I am less sanguine about this development than many of those involved. The appointment of all members would mean that there is no real independent professional voice, for all effectively will be government appointees. The Government are an interested party in this matter, since in many of these professions they are an almost monopoly employer through the NHS. In the case of dentists, one of the problems is that a degree of disenchantment has meant that a very large number have left the NHS. I would have thought that that in itself was an interesting marker to which the Government and the General Dental Council might have paid attention. However, I do not wish to major on this, because it seems that the professionals in those areas are content to go with it.

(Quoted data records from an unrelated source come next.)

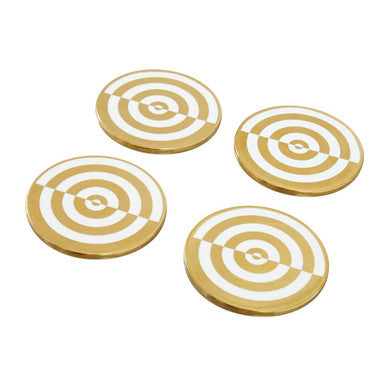 Orsina Curva Gold and White Coasters – Set of 4 Deco Bullseye Coasters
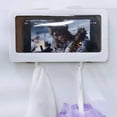 thumbnail image 4 of Wall Mounted Shower Phone Protective Case Waterproof Punch-free Bathroom Protective Case Cell Phone Mount Touch Screen Phone Shelf Box Case, 4 of 9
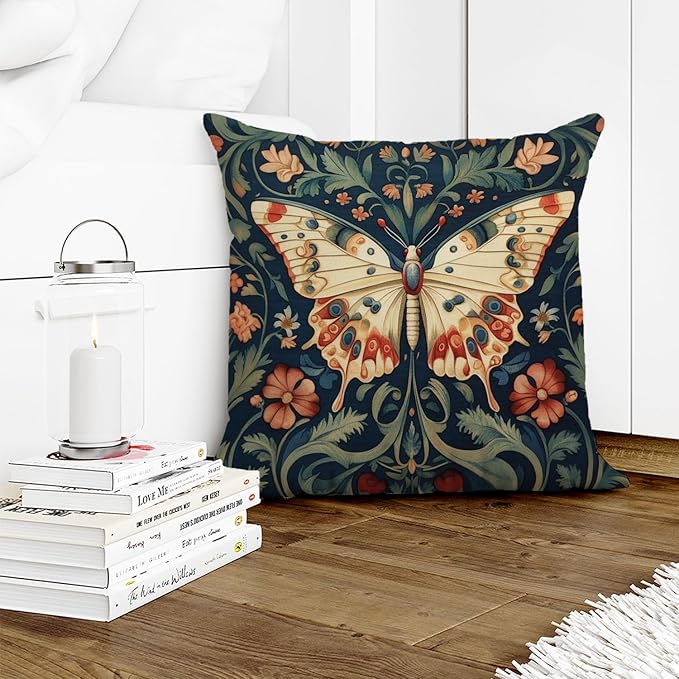 William Morris Abstract Vintage Floral Velvet Butterfly Design Throw Pillow Covers Home Decor, Retro Art Decor Pillowcase Cushion Cover for Bed Sofa Living Room, Square 18x18inch (Beige-Butterfly)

On the subject of regulatory peculiarities, I am used to inconsistencies between different orders. For example, as the noble Earl pointed out, I proposed about 10 years ago the establishment of a council for psychotherapy, and I shall return to that later. The Government insisted that they would not support such a proposal, because they were absolutely not going to have any further separate professional bodies; everything would be subsumed within the Health Professions Council. Then they promptly decided to create the General Pharmaceutical Council, referring to a much smaller number of professionals than would have been the case in psychotherapy, never mind within psychological therapies as a whole. So I am familiar with this kind of inconsistency between orders.

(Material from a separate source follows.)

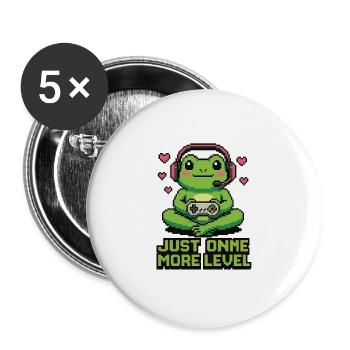 Pixel Frog : Juste un niveau de plus - Lot de 5 grands badges (56 mm) - blanc - Devant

However, here we have inconsistency within the order. There is now going to be a UK-wide application of a psychologist’s registration to all four parts of the United Kingdom, but Northern Ireland will be specifically excluded from statutory registration of pharmacy technicians. The order brings Scotland into line, but not Northern Ireland. I know that Northern Ireland is not easy to bring into line on a number of issues, but it seems to me particularly strange in this regard, for while there will be relatively few pharmacy technicians in Northern Ireland in numerical terms, and almost all of them will simply work within Northern Ireland, there are already a number of psychologists who operate across the border between Northern Ireland and the Republic of Ireland. It seems to me that there is something particularly strange here. I rather suspect—in fact, I am rather sure—that the Minister and her colleagues have been in consultation with the Northern Ireland Executive. I do not for a minute wish to hold her accountable for the decisions of the Northern Ireland Executive, if that were even possible. However, I would be interested to know whether any justification was requested on the differing decisions to have psychology as a UK-wide registration but to have Northern Ireland specifically excluded in respect of pharmacy technicians.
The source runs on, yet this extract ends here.